Problem to work on: Your output should be the lines below from the one with "Hörbuch im Test: Corpus" through the one with "Il Papà Aggiusta-Cuori: Una", copied exactly, pictures excluded.

Records for the task:

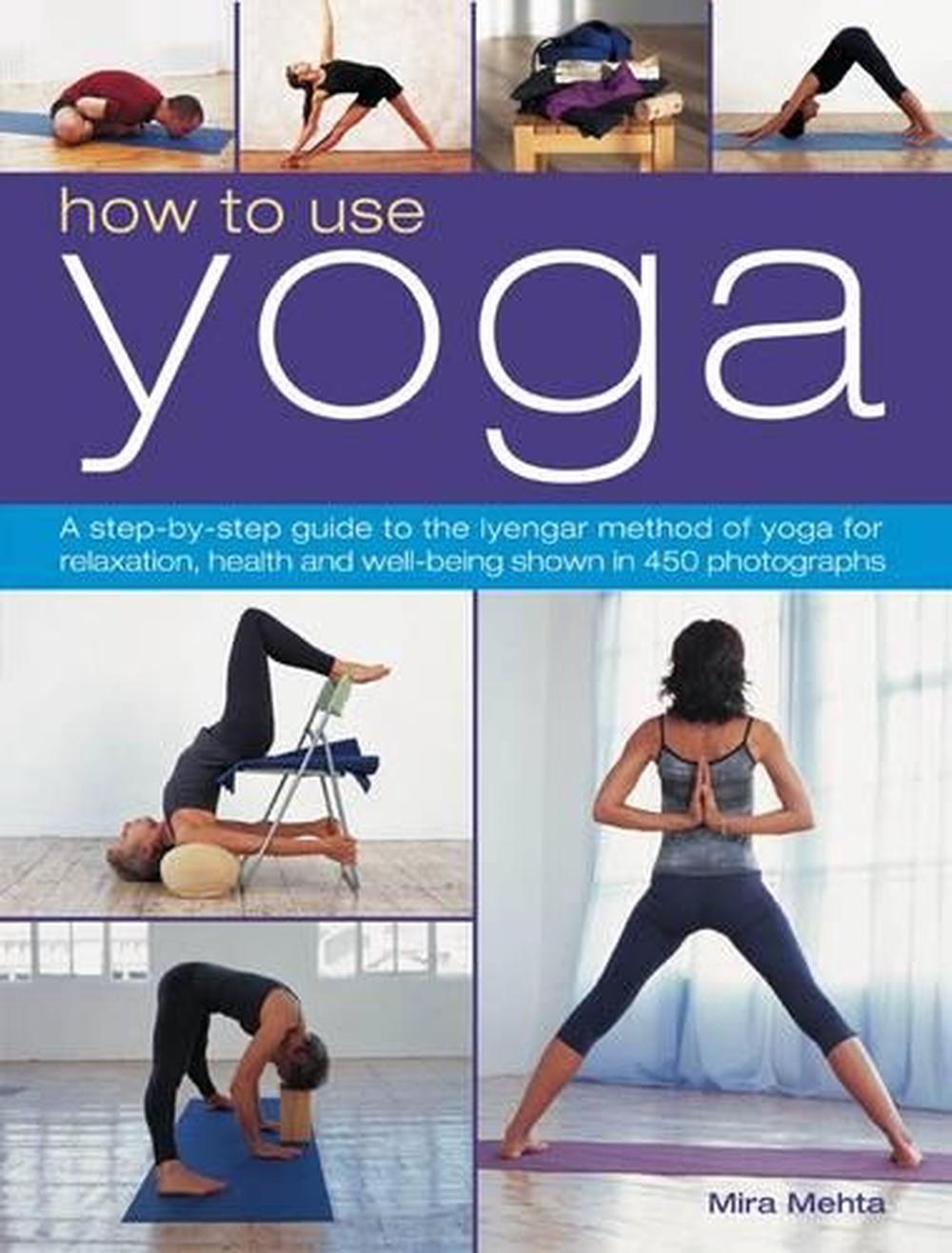 How to Use Yoga, 9781844769131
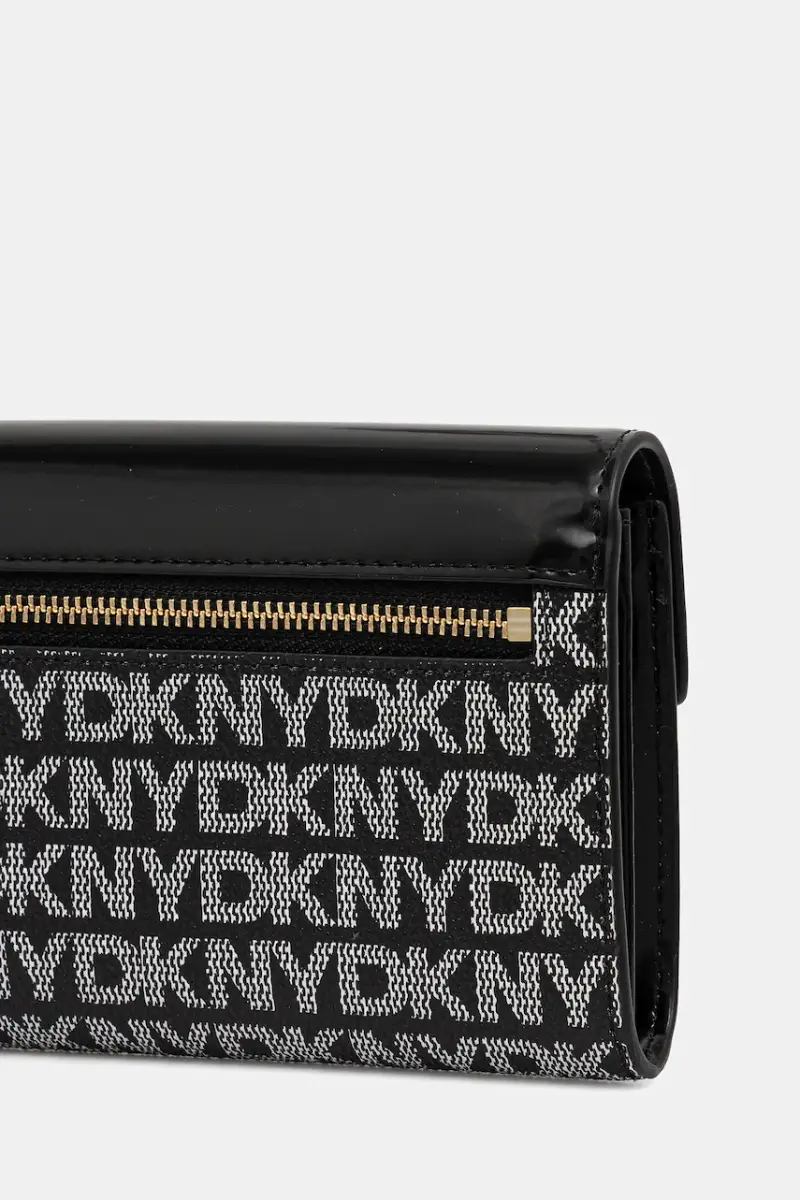 portafoglio donna colore nero R52Q5M29 miniatura 3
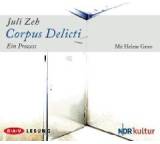 Hörbuch im Test: Corpus Delicti. Ein Prozess von Juli Zeh, Testberichte.de-Note: 1.5 Sehr gut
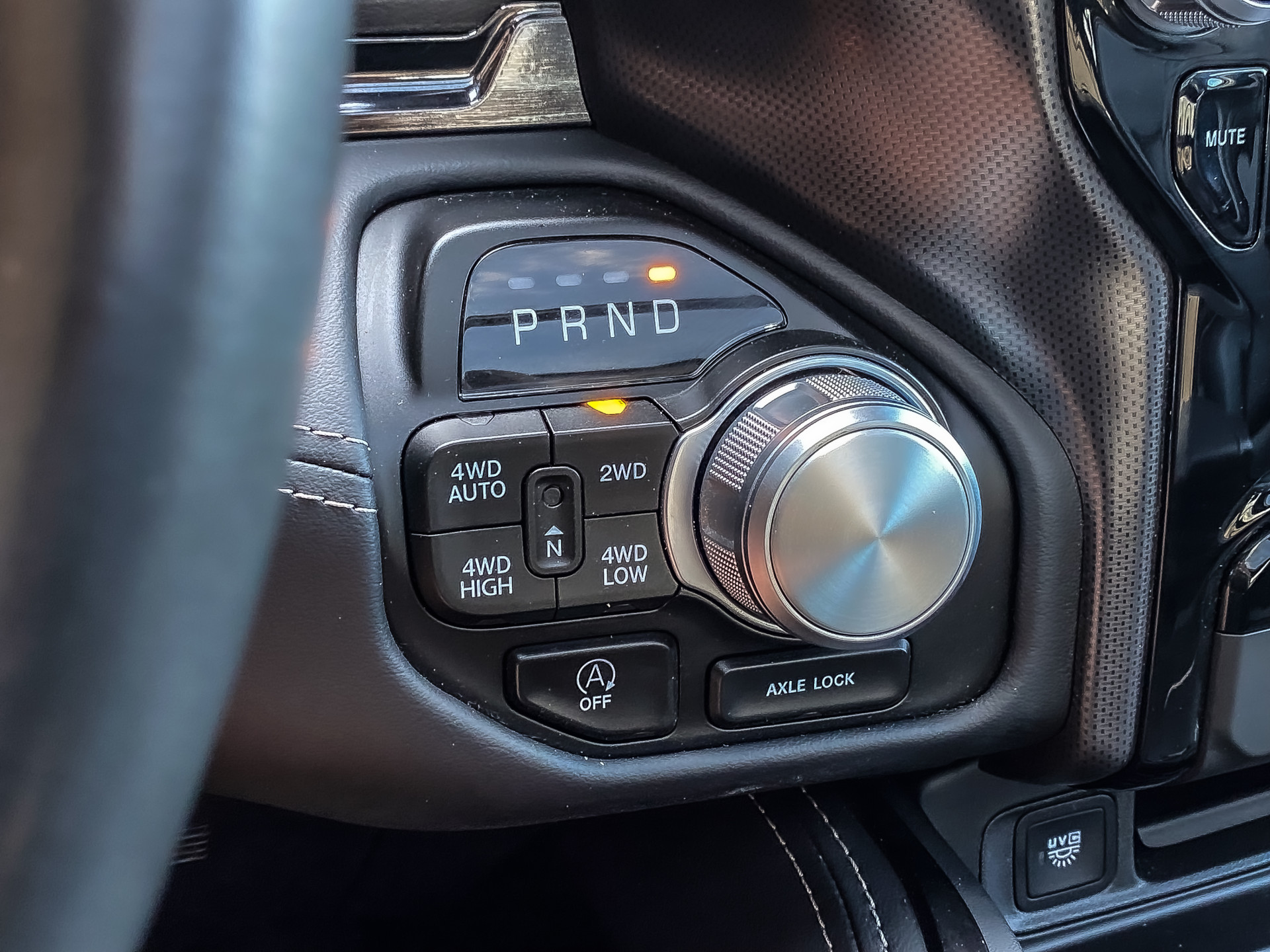 Dodge Ram 1500 5.7 V8 Hemi eTorque 402PK Limited | Dodge occasion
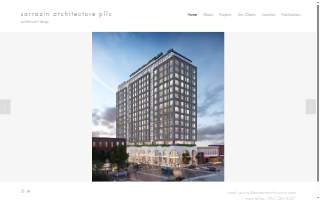 Sarrazin Architecture pllc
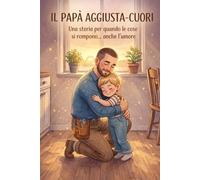 Il Papà Aggiusta-Cuori: Una storia per quando le cose si rompono… anche i sentimenti (Piccole Mani, Grandi Emozioni - La Noe)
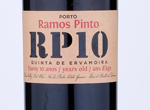 Ramos Pinto Porto 10 Years Quinta de Ervamoira,NV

Task output:
 Hörbuch im Test: Corpus Delicti. Ein Prozess von Juli Zeh, Testberichte.de-Note: 1.5 Sehr gut
 Dodge Ram 1500 5.7 V8 Hemi eTorque 402PK Limited | Dodge occasion
 Sarrazin Architecture pllc
 Il Papà Aggiusta-Cuori: Una storia per quando le cose si rompono… anche i sentimenti (Piccole Mani, Grandi Emozioni - La Noe)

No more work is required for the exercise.